8.Conclusion and future directions

Data-driven science often involves an iterative knowledge discovery cycle which is, at its core, a collaborative journey. It involves multi-disciplinary teams of scientists and engineers working on collecting, analyzing, linking and classifying data, from which new knowledge is generated, shared and disseminated. We presented Blue Brain Nexus (BBN), an open source and scalable data and knowledge graph management system providing foundation to support this cycle.

BBN has thus far been deployed in production to address four different use cases alongside the data-driven science iterative cycle in the fields of computational modeling, neuroscience, psychiatry and linked open data. Many valuable lessons have been learned. First, these four production deployments have shown that a knowledge graph should first be considered part of existing infrastructures within which it can be easily deployed and operationalized. Secondly a knowledge graph should also be integrated in the ecosystem of tools and systems it complements and interacts with. It should support use cases’ scale, complexity, and evolution. Finally, the four use cases show that rapid onboarding of developers and users and the ease at which they can prototype and build custom front-end and backend applications on top of the knowledge graph are crucial to demonstrate added value.
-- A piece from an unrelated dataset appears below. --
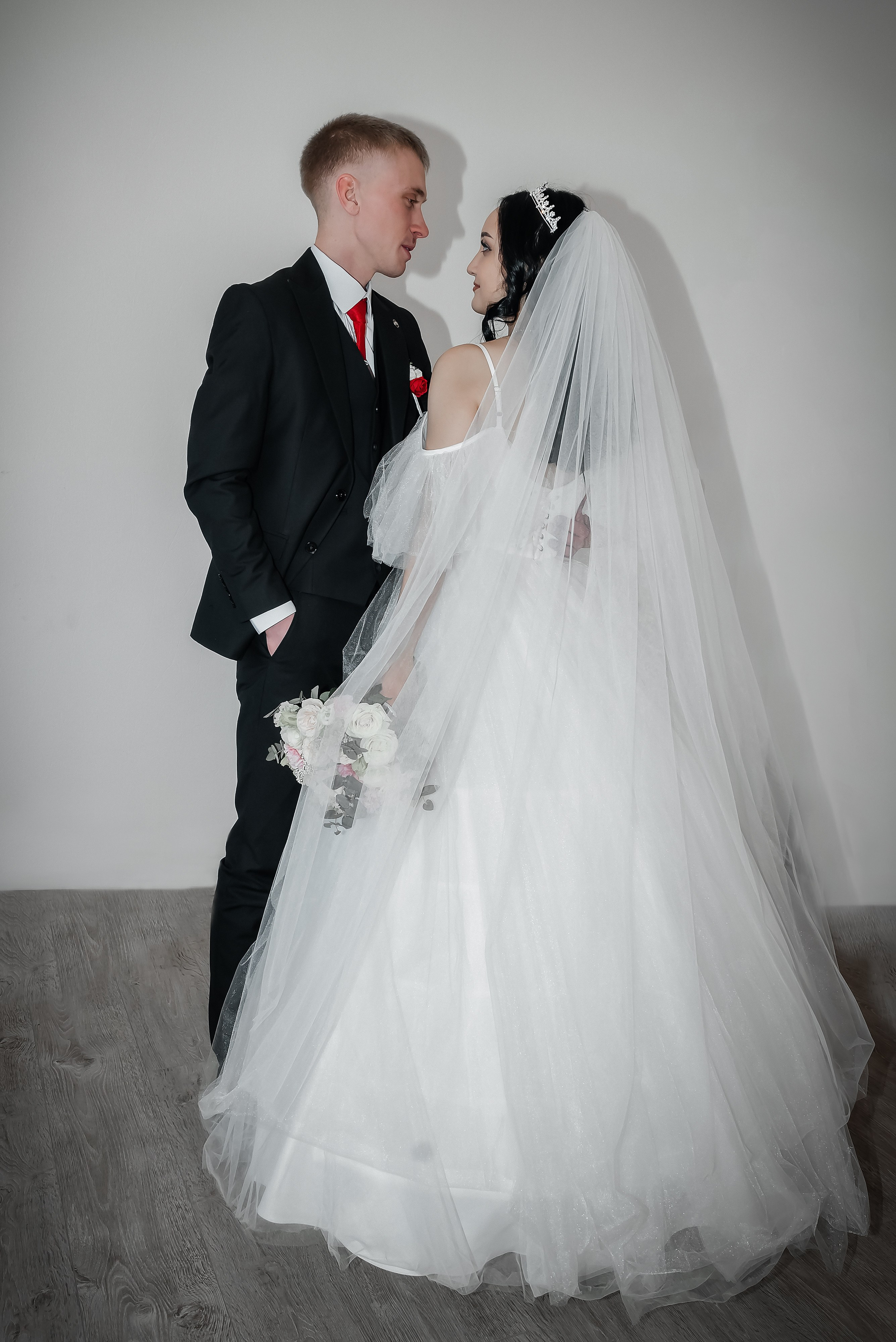 Свадьбы. Фотограф широкого профиля Чита-Цасучей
BBN is actively and continuously being further developed and maintained by Blue Brain as a key technology and complementary approach to classical neuroinformatics in its data-driven approach and long term scientific goal and workflow for organzing brain tissue data and models [44]. BBN technology stack based on open, interoperable and domain agnostic standards supporting domain specific extension, combined with the three production deployments by adopters from large long term organisations where potential developers and contributors community can arise, shows BBN maturity, genericity, ability to support new use cases and evolution of existing ones as well as sustainability moving forward. Furthermore, we are actively seeking to expand the engagement of adopters in contributing to the ongoing development and to sustaining BBN.

Thanks to the lessons learned across the diverse use cases, new developments and improvements are considered as part of BBN roadmap including providing various users: i) with advanced web-based knowledge graph authoring features; ii) with web-based data views creation (from the results of simpler and user-friendly query modalities) and publishing as portal with support of DOIs assignment; iii) with web-based collaboration tools across all steps and actors of the data-driven science cycle; iv) with a plugin architecture for Nexus Delta to support developers with more modularity and domain specific extension features; v) with integration with machine learning widely used tools and pipelines.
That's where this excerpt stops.